Maxime, en effet, lui imposa la présence de cet homme à diverses reprises.

Des relations s’étaient établies entre eux, assez étroites: des relations d’affaires.

Maxime avait eu, ces temps derniers, de pressants besoins d’argent. Il lui fallut même des sommes considérables. Arnoldson lui proposa à nouveau l’achat de ses actions du Mékong. Ce fut chose faite en partie et sans préjudice apparent pour Lawrence.

La reconnaissance des services rendus voulut que Lawrence invitât Arnoldson aux Volubilis.

Il y vint dîner une première fois et se montra de la dernière galanterie envers Adrienne.

Il se crut autorisé à inviter lui-même Lawrence et sa famille aux Pavots. Mais cette tentative n’eut point de suite, car Adrienne se déclara trop souffrante pour sortir de chez elle.

Ceci fut dit d’un tel ton qu’il n’y avait point à y revenir.

Enfin, ce jour-là, qui devait compter dans la destinée de tous les héros de cette histoire, l’Homme de la nuit avait été invité pour la seconde fois aux Volubilis.

Lawrence devait partir pour Paris immédiatement après le dîner.

Depuis qu’il était arrivé à la campagne, Lawrence marquait un esprit bizarre. Il était plus taciturne que jamais, errait par les plaines et par les bois, s’enfermait des heures entières dans sa chambre, écrivait de longues lettres, qu’il allait porter lui-même à Villiers.

Tous les matins, il était levé dès la première heure, et sa promenade était toujours la même. Il croisait inévitablement le facteur qui montait vers Montry.

– Rien pour moi? demandait Lawrence.

– Rien, monsieur Lawrence, répondait le facteur.

Et Lawrence s’en retournait tout triste, plus triste que jamais.

Enfin, ce matin-là, il reçut un mot de Diane, un mot qui lui ordonnait de venir à Paris. Elle l’attendait dans la soirée. Elle voulait le voir, lui parler.

Ce lui fut une grande joie. Il se montra d’une gaieté extrême, et c’est le sourire sur les lèvres qu’il annonça à Adrienne son proche départ.

– Mais sir Arnoldson vient dîner ce soir, dit Adrienne.

– Aussi dînerai-je. Je ne partirai pour Esbly qu’après le repas.

– Je vous prierai même, mon ami, insista Adrienne, de ne partir que lorsqu’il sera parti lui-même.

Ce fut l’occasion de courtes observations de Lawrence, qui ne comprenait pas, disait-il, l’attitude de sa femme pour un homme qui était fort laid, certainement, mais qui s’efforçait de leur être agréable…

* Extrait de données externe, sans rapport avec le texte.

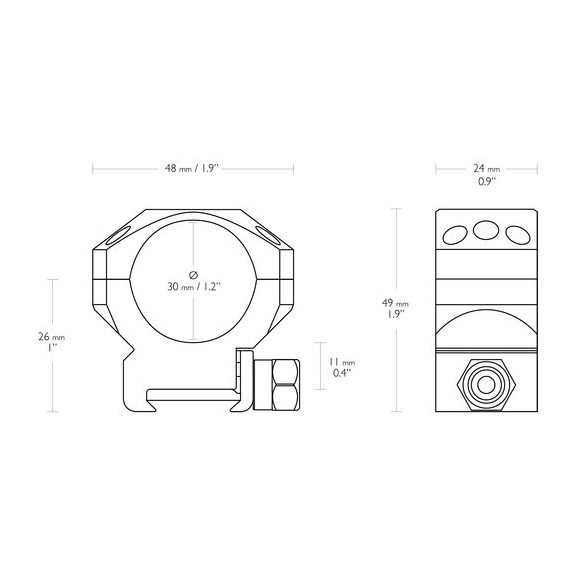 Inele Hawke Tactical 30 mm, weaver, medii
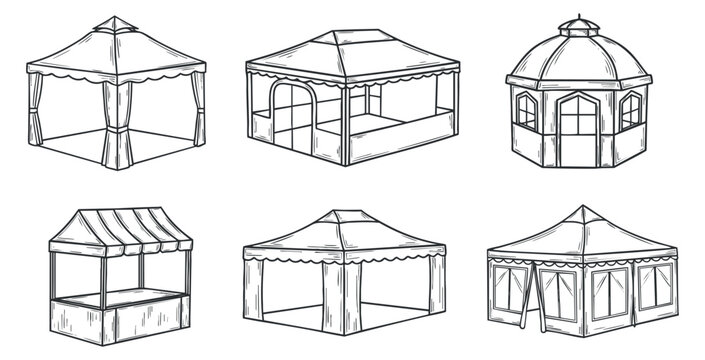 A collection of six different tent designs in black and white outline vector style, suitable for event planning and outdoor activities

Quand vint l’heure du dîner, Arnoldson se présenta, plus souriant encore que les jours précédents et débordant de compliments pour Adrienne, Lily, plein d’amabilité pour les convives, qui ressentaient une gêne et un embarras croissants en face de cet hôte extraordinaire.

On ne savait point s’il parlait jamais sérieusement ou s’il se livrait à des facéties, qu’on hésitait à relever, tant elles étaient dites sérieusement.

Arnoldson était à la droite d’Adrienne. Il ne manquait point une occasion de la toucher, de la frôler. Adrienne, très pâle, fixait Lawrence, qui, perdu dans un rêve heureux, ne s’apercevait de rien.